La cucina

La cucina è un forno. 
Appena entro nella stanza un vapore caldo e umido mi invade. Al centro una quindicina di donne si affaccendano intorno ad un tavolo, operose e scattanti come delle api. 
Una donna corpulenta mi si avvicina con un ampio sorriso chiedendomi se voglio un caffè - tè - rispondo. Il suo volto si illumina e con fare compiaciuto mi batte una mano sulla spalla come a dire: ti sei già ambientata eh. In quattro giorni dal mio arrivo in Turchia credo di aver già bevuto una ventina di tè: verde, alla menta, al limone, a colazione, pranzo e cena. Temo che quando tornerò in Italia sarò composta di acqua e di tè. 


Tutte le donne indossano
hijab di vari colori e stili differenti. G., una ragazza turca, mi mostra come il suo hijab è composto da tre strati differenti. 
Alcune donne mi parlano in arabo, altre in turco, qualche ragazza più giovane in inglese, l'altra volontaria che mi accompagna in spagnolo, tutte sanno qualche parola in italiano e con un timido sorriso mi rivolgono un "buongiorno" incerto a cui rispondo con un "brava!". 
Mi ritrovo a pensare al libro di Gino Strada, "Pappagalli verdi", dove tempo fa avevo letto che parlare un po' molte lingue è meglio che conoscerne bene una sola e adesso non potrei essere più concorde con te Gino. Così, sebbene non capisca molto, rispondo a tutte shukran o tesekkurler: grazie in arabo e in turco. Ma in cucina non c'è bisogno di molte parole, il linguaggio non verbale arriva là dove la mia scarsa conoscenza linguistica non può arrivare. Con sguardi di intesa e gesti esplicativi mi intimano a stendere la pasta con il matterello: yalla, yalla!

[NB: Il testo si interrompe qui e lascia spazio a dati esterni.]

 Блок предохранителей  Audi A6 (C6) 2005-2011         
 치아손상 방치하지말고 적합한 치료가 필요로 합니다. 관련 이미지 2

L'odore inebriante delle spezie avvolge ben presto tutta la cucina. Le donne discutono animatamente, ma in modo amichevole, su ogni minima quantità di sale, olio, curcuma o cumino da aggiungere alle pietanze. Prepariamo dei fagottini fritti ripieni di patate, cipolla e pollo. Dopo è la volta dei frollini al cioccolato e l'immancabile pistacchio. 
Le donne ridono, cantano, battono le mani. 
Ci sediamo intorno al tavolo e mangiamo con gusto. 
Loro parlano, parlano e anche se non capisco una singola parola addento il mio squisito fagottino e sorrido, godendomi in silenzio la bellezza della diversità.